For Ruby Bridges is a prose poem based on Norman Rockwell’s famous painting The Problem We All Live With, which depicted the brave six-year-old black girl, who, accompanied by federal marshals, singlehandedly desegregated the William Frantz Elementary School in New Orleans, Louisiana. Like the painting, Coe focuses the little girl in the center of a racist and poisonous whirlwind. The poem itself gathers force by addressing Bridges in the second person. The closing Astronaut metaphor both illuminates the subject and strikes home with poetic precision,

Ruby, what can we possibly say about you? What words can describe

this six-year-old child, armed with only a notebook and ruler, walking

resolutely past that pack of jabbering hyenas, past the woman who every

day threatened to poison you, past the woman who every day waved

before your face a black doll in a coffin?

The lead marshal said you never cried once during that nightmare year.

What can we possibly say about you, brave as an astronaut climbing

into a tin can to be launched into the airless world?

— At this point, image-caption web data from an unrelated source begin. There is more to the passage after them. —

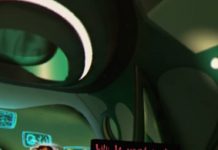 Psychonauts in the Rhombus of Ruin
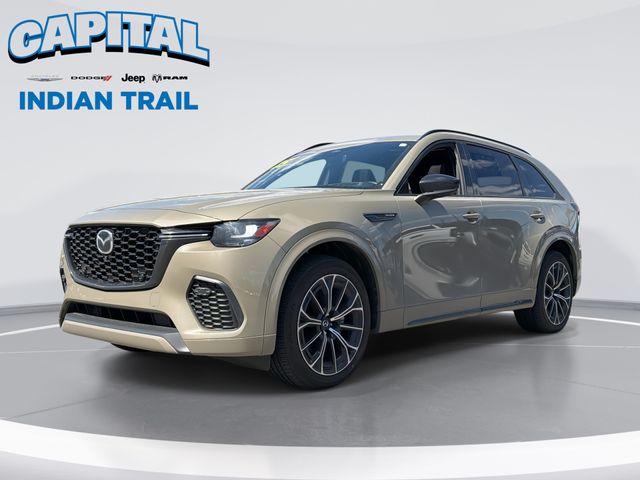 2025 Mazda CX-70 3.3 Turbo S Premium AWD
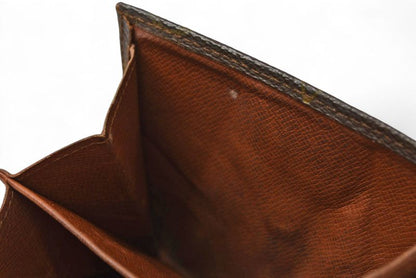 Louis Vuitton Wallet Louis Vuitton Monogram Fold Wallet No.190 Vintage Antique
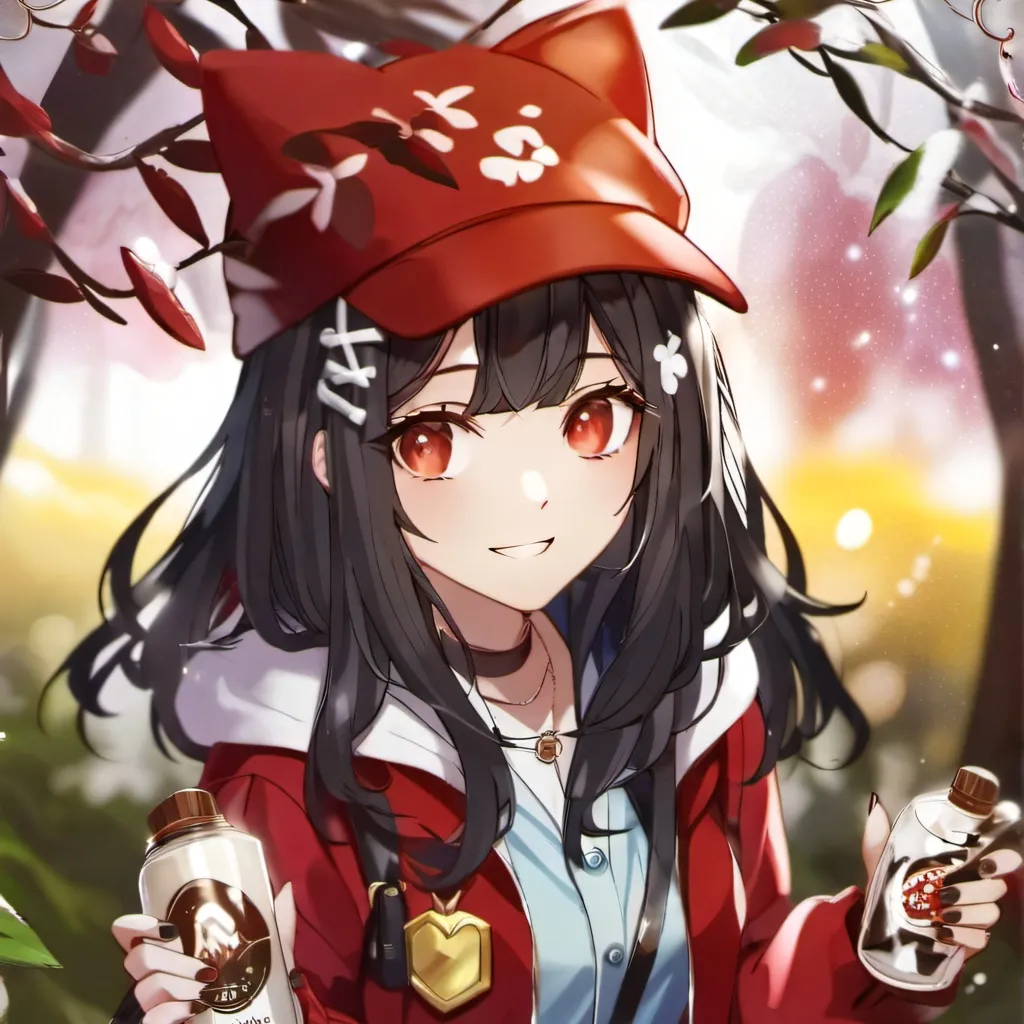 chat with ai character: ♡saprina♡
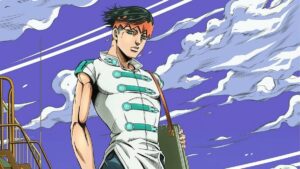 Editor de JoJo's Bizarre Adventure insinuou o retorno de Rohan anos atrás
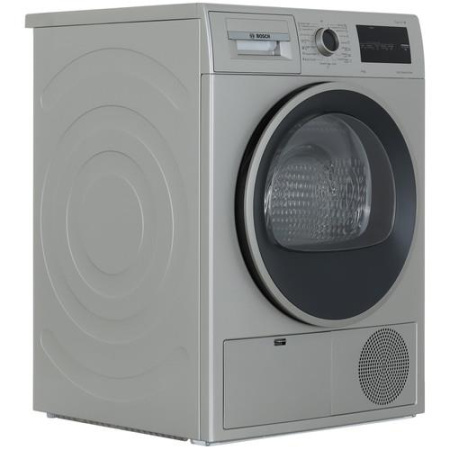 Сушильная машина Bosch WTN86212ME серый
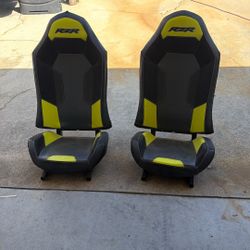 RZR Seats 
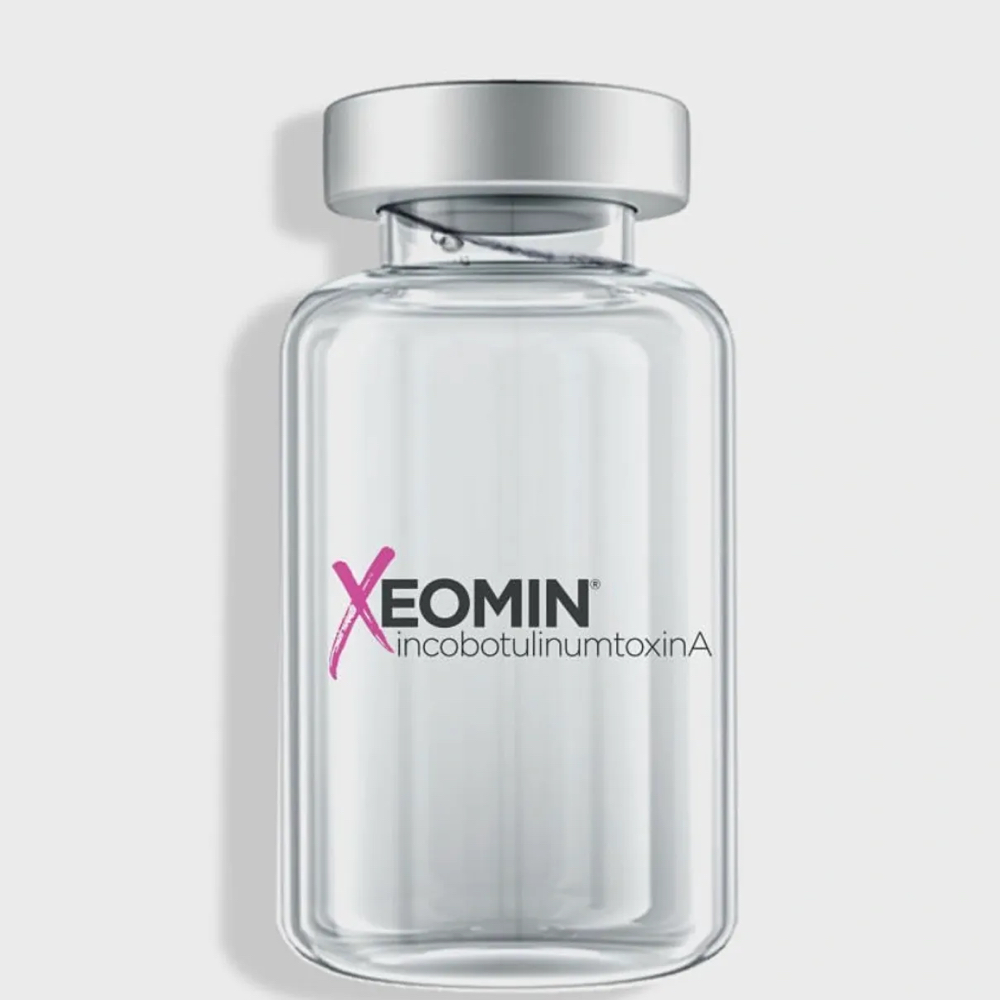 Xeomin/Dysport/Botox
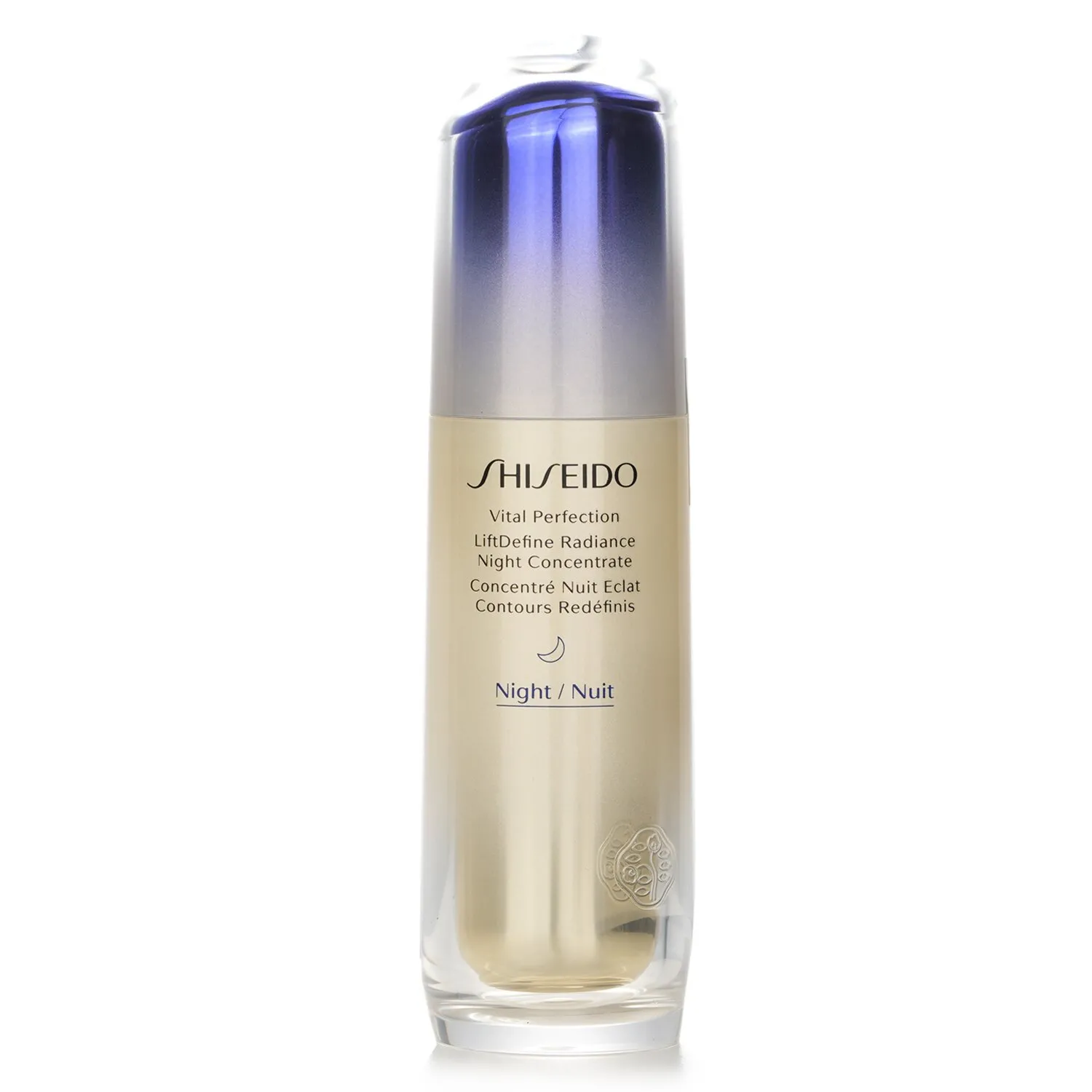 Concentrado de noche Vital Perfection LiftDefine Radiance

Coe’s piece In the House of Echoes details the homey pathos and blood-ties of a large family dealing with demise of one of their siblings. The poet’s mother provides perspective, and food and conversation dominate. The death-watch takes a new turn as Christmas carols, spontaneously begun by the participants, fill the house with echoes of sentiment. That is, until mathematical reality (read: dark humor) takes center stage. The poem concludes thusly,

In the silence that followed the last carol,

a silence neither pained nor awkward,

merely thoughtful,

as each sat with his or her own memories,

my mother whispered softly,

to no one in particular,

“Three down, six to go.”

Halfway through the collection Coe’s poem Sleep Cycles thunders off the page. This well-wrought formalist villanelle, devoid of any sentiment or emotional controls, is the classic and mythological anomaly that highlights the singular artistry of the other included works. A scene from his mother’s recurring nightmare, this narrative resounds over universal chords. Despite our efforts, the piece seems to caution, humans do not control life, life controls humans. Here is the heart of the poem,

as once again they set upon

this changeless and eternal race

beneath an unforgiving sun

spurred by a dread of what’s to come

that Morpheus cannot erase

foam-flecked and wild, the horses run.

the spectral carriage thunders on

although in passing leaves no trace

beneath an unforgiving sun.

My favorite poem in this collection is Coe’s The Dance Hall at Porter Square. In this affecting piece the poet idealizes a specific tableau of a street couple about to dance to a popular tune on a boombox. The troubadour-poet assesses the makeshift scene as a courtly love ritual and imagines a shy damsel, accompanied by a sensitive gentleman/ knight. The poet fears his passive intervention or even a close observation might break the spell and so he continues his walkabout. The piece opens with the narrator setting up an appropriate stage for the young lovers,

Near the entrance to the Porter Square subway stop

is a small tree-shaded concrete plaza, off to the side

where street people congregate

and where yesterday I heard an old boombox

call out that it was “Time to get together, and love

one another right now,” and saw a shirtless young man

in a grimy Red Sox cap hold out his hand

Blasphemy as a strategy into religiosity often succeeds. Thomas Merton seemed to know that. Dorothy Day certainly did. Coe’s poem Butt Dialing Jesus offers a mildly impious premise to its readers and beyond and then proceeds to an old-fashioned demonstration of the golden rule (that is “do unto others as you would have them do unto you” Matt. 7:12). The piece works because of its irreverence and humor erases sentimentality and cliche. Consider this very funny set up,

“You have reached the Son of God.

I am currently speaking with another supplicant.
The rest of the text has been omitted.